Cliff Mytton
- Full name: Clifford John Mytton
- Born: 24 January 1969 (age 56) Auckland, New Zealand

Rugby union career
- Position(s): Centre

Senior career
- Years: Team / Apps / (Points)
- 1997–03: Stade Français / ? / (?)

Provincial / State sides
- Years: Team / Apps / (Points)
- 1991–97: North Harbour / 50 / (21)

= Cliff Mytton =

New Zealand rugby union player (born 1969)

Clifford John Mytton (born 24 January 1969) is a New Zealand former professional rugby union player.

Born in Auckland, Mytton played several seasons with North Harbour during the 1990s as a second five-eighth, having to contend with All Blacks Frank Bunce and Walter Little for a place in the line up.
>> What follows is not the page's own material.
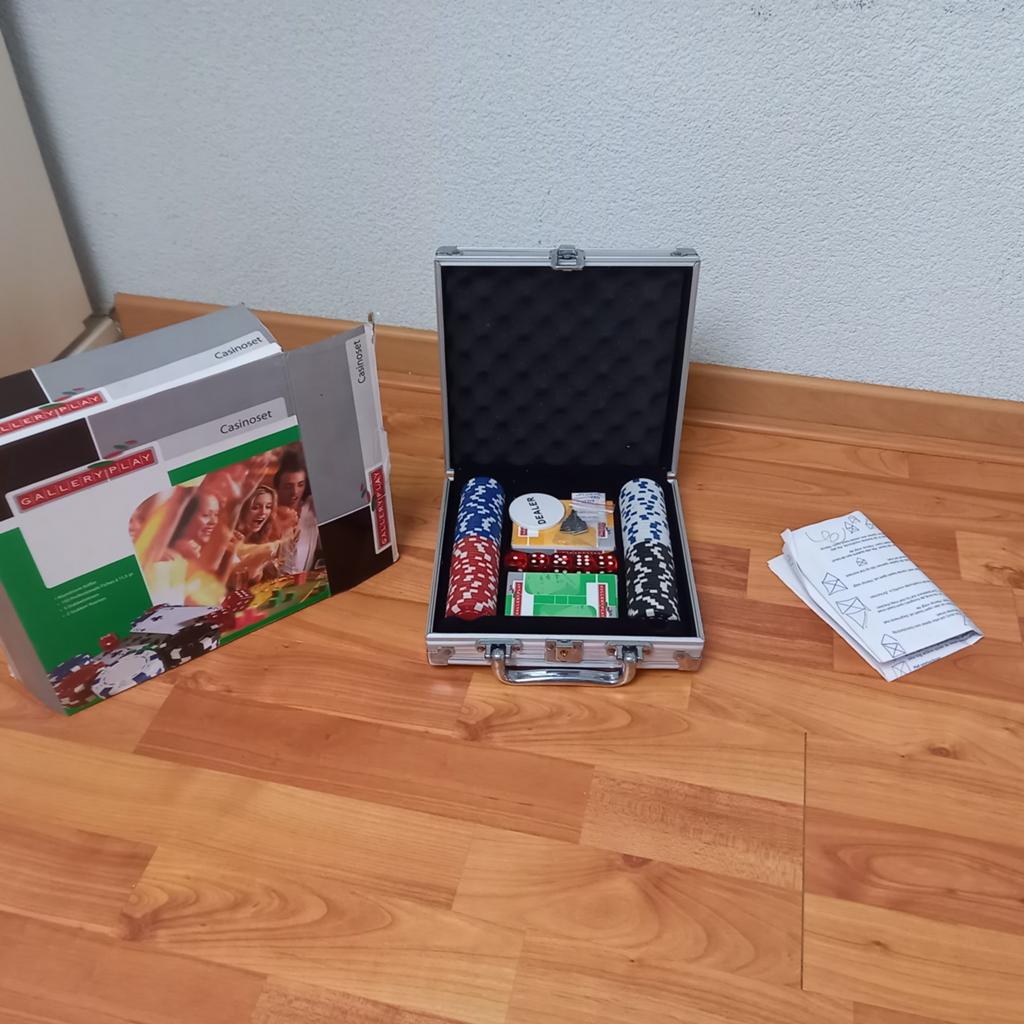 Gallery Play casinopakkrt poker, Hobby en Vrije tijd, Gezelschapsspellen | Kaartspellen, Zo goed als nieuw, Drie of vier spelers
Mytton made his name in French rugby playing in a strong Stade Français team, which he joined in 1997. He featured in three French Championship-winning sides and scored an unusual try in their 1998 final triumph over Perpignan, gathering a ball that had hit the post from a Diego Domínguez penalty attempt. In 2000, Mytton earned a French Barbarians call up alongside former North Harbour teammate Ian Jones, for a match against a New Zealand XV. He appeared in Stade Français's 2001 Heineken Cup final loss to the Leicester Tigers.